Para o diretor de Desenvolvimento Industrial da Confederação Nacional da Indústria (CNI), Carlos Abijaodi apresentou um panorama do cenário de comércio internacional e disse que o Brasil é um “player global”, com equilíbrio entre exportações industriais e de bens básicos. De acordo com ele, existe um trabalho bem feito dos exportadores brasileiros e será necessário que haja um direcionamento da política externa, que influencia todo esse cenário comercial.
Por sua vez, o General Paul Cruz, ex-diretor de Parcerias Estratégicas do Departamento de Operações de Manutenção da Paz da Organização das Nações Unidas (ONU), ressaltou que os programas estratégicos de Defesa são de longo prazo, e por isso demandam orçamentos regulares e estáveis. Ao defender investimentos, defendeu uma maior cooperação entre os setores envolvidos, operando de forma conjunta e coordenada.

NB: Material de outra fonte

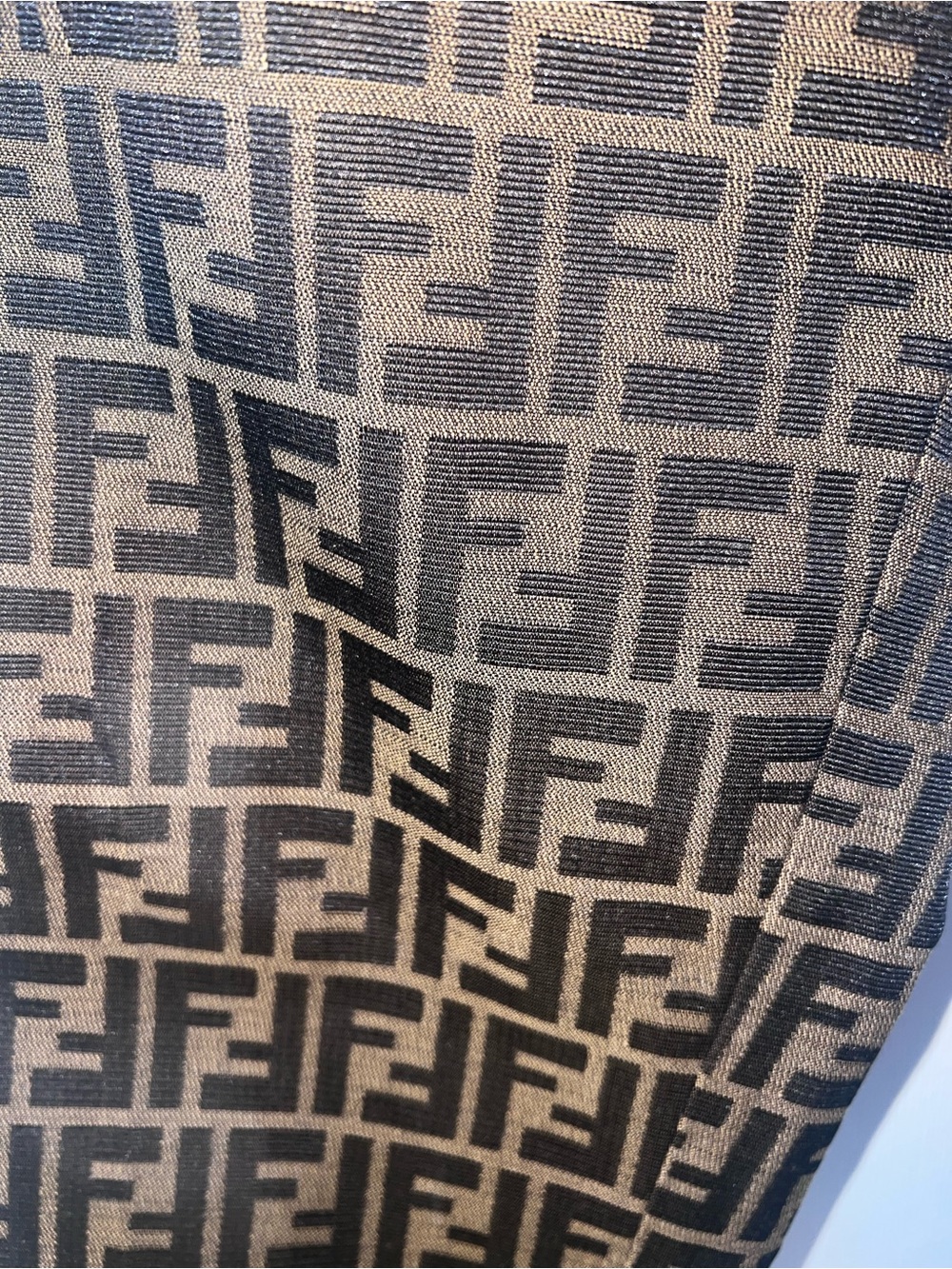 Fendi Brown & Black FF Logo Print Chinos pants authentic size 2 4 - Picture 6 of 6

Na sua opinião, o Congresso, órgãos de Defesa, de Relações Exteriores, academia e também os cidadãos devem apoiar seus marinheiros, soldados e aviadores. Para Creomar de Souza, “o Brasil precisa definir o que quer ser”.
Imagem do Brasil
O segundo painel - “A imagem do Brasil no Exterior: prós e contras de um global player” – reuniu um grupo de quatro jornalistas com vasta experiência nacional e internacional que fizeram uma avaliação dos principais temas que cobrarão a presença do Brasil na cena internacional.
Lourival de Sant’anna, por exemplo, acredita que a multiculturalidade brasileira é um ativo importante para fortalecer a inserção internacional do Brasil dentro do que é conhecido como “soft power”. Para ele, o país exerce um papel muito importante na área ambiental internacional e a história deste setor não pode ser “jogada no lixo”. O jornalista considera a Venezuela um “grande desafio brasileiro” e disse que o país vizinho não deveria ser ameaçado de invasão militar, argumento que apenas fortalece o regime chavista.

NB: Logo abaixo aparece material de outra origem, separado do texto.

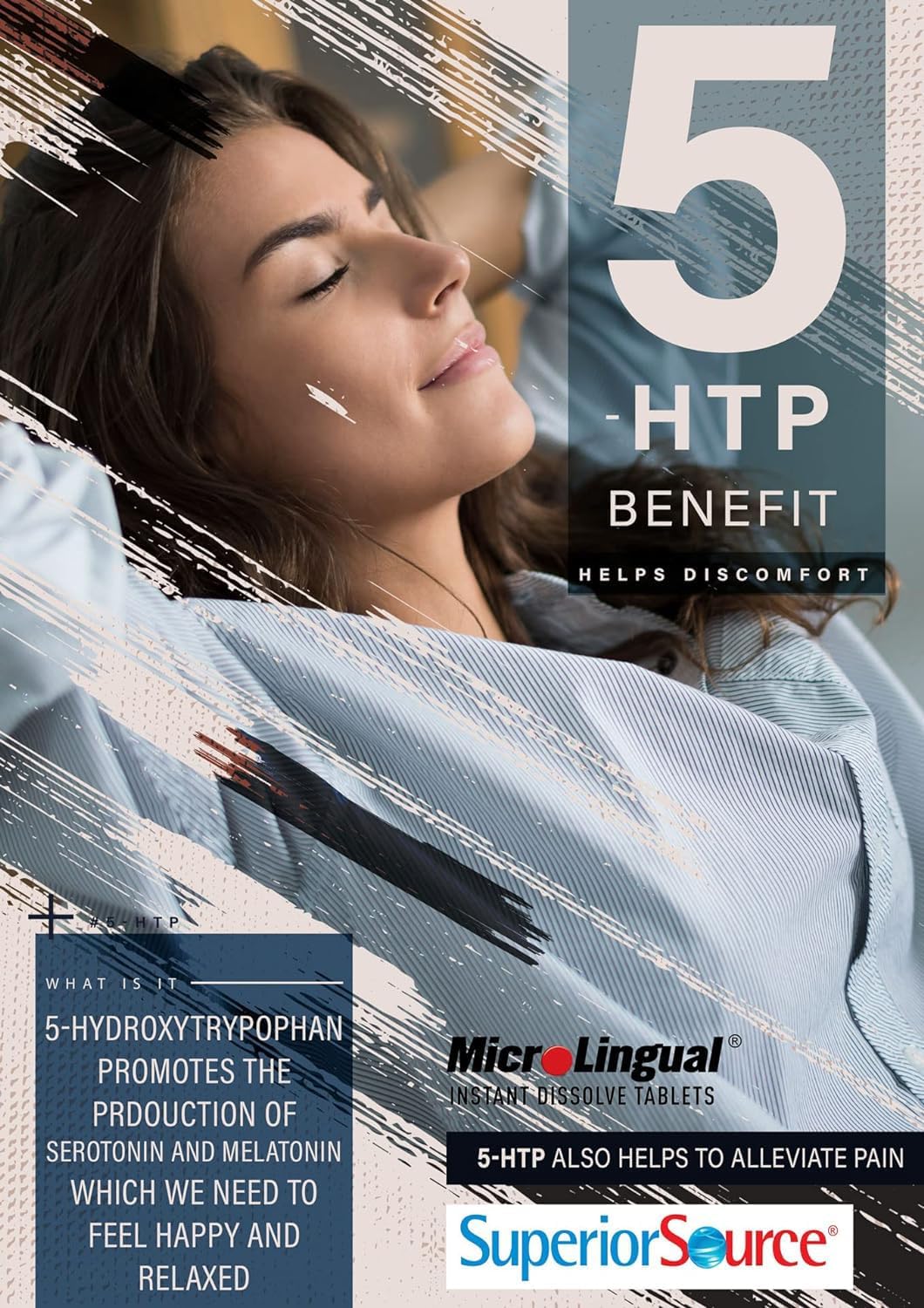 High Potency 5-HTP Supplement - 75mg Strength - 60 Tablets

Fábio Zanini, por sua vez, acredita que o Brasil não pode ignorar a África, continente que tende a ser muito dinâmico nos próximos anos. Na sua avaliação, o país Brasil começa a ter um problema de imagem no cenário internacional e o governo Bolsonaro precisará de ter muito “tato diplomático” para aparar arestas.
Alerta semelhante foi feito pela jornalista Denise Chrispim Marin. De acordo com ela, o ambiente internacional não vive os seus melhores dias. “Viveremos tempos muito difíceis e o Brasil não deveria criar mais arestas, necessitando ter muito cuidado com as suas decisões. Estar presente em fóruns de negociação é sempre a melhor opção possível”, acredita. Para a jornalista, retirar o Brasil de organismos internacionais não contribui em nada.
Inteligência
Mediado pela coordenadora e professora da Escola Superior de Guerra (ESG), Selma Gonzalez, o terceiro painel – “A Inteligência aplicada à política externa e à defesa: desafios, ameaças e necessidades”, enfocou na importância do fortalecimento da Inteligência de Estado como ferramenta imprescindível à Política Externa e à Defesa, principalmente em relação a cooperação com os países vizinhos para o controle das fronteiras.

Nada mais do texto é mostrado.